In our increasingly digitally-connected world, we have a stream of updates competing for our attention and there’s no distinction between friends and colleagues on our news feed. If you’re anything like me, you’ll find yourself having work colleagues that you interact with nearly every day and friends you’ve never actually met in person.
In 2014 the lines between work life and personal life can be very blurry. This is even more of a challenge when you love what you do, as there is less of a tendency to leave it behind when you sign-off at the end of the day. Equally, the ideas you discuss around the dining table can find their way from the dining room to the meeting room or the board room.
It’s no surprise that ‘work-life balance’ continues to be a real challenge for business people.
One of Simon Sinek's most intriguing ideas is that the stress we associate with being out of balance is less a result of working extended hours and more about where we feel safe and protected. He goes as far as to say we have two families, one at home and one at work and that we have a similar duty of care to employees and family members.
What if we were to apply the principles of family life to our work environment? I believe that it’s our responsibility as leaders to provide a safe, nurturing environment for individuals to learn and grow. True leaders serve their people and make sacrifices for them. In Simon’s words, they eat last. This means acting selflessly, wanting our people to achieve more than we achieve ourselves. Just the kind of unconditional love we show for our family.
I believe that the secret to getting the most out of work, and life, is to move beyond the notion of a separate ‘working life’ and ‘personal life’ and focus on the higher motives that guide both.

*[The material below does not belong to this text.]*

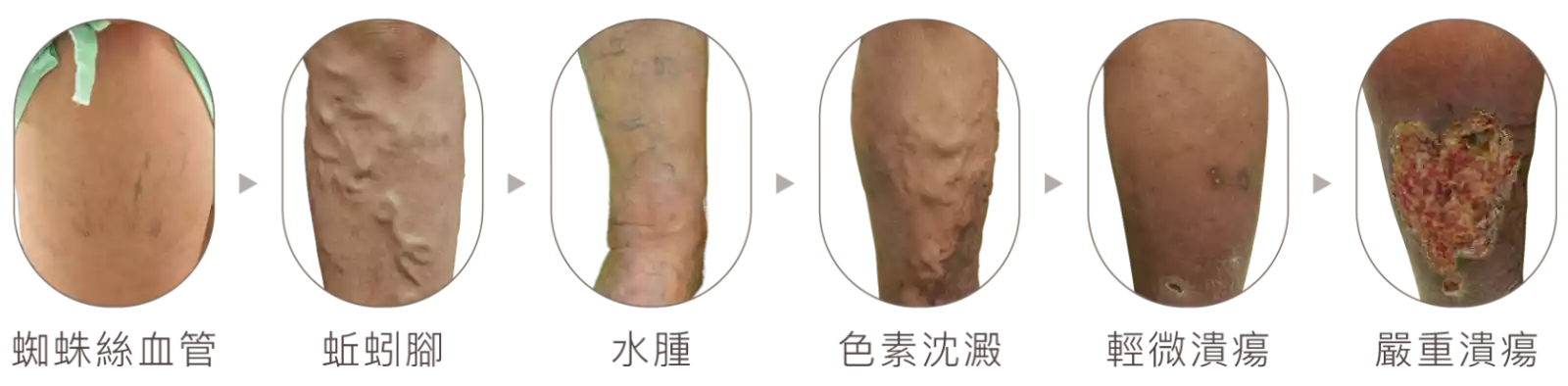 靜脈曲張症狀 | 博診所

Rather than ‘work-life balance’, this thinking leads to ‘one life’: a life that is fulfilling, authentic, on purpose and whole.
At Insights we say ‘bring your whole self to work’. One of my colleagues (who I also consider a friend) recently coined the phrase ‘taking your whole self home from work’, as a way of describing the need for time to relax and recharge, so that your work hours are more effective.
Maybe the secret is doing a little more of both. Perhaps our aspiration should not necessarily be a greater degree of separation. Instead we should look for opportunities for the two to enrich and support each other, and encourage our people to do the same – creating a kind of ‘whole-life balance’ – or ‘one life’.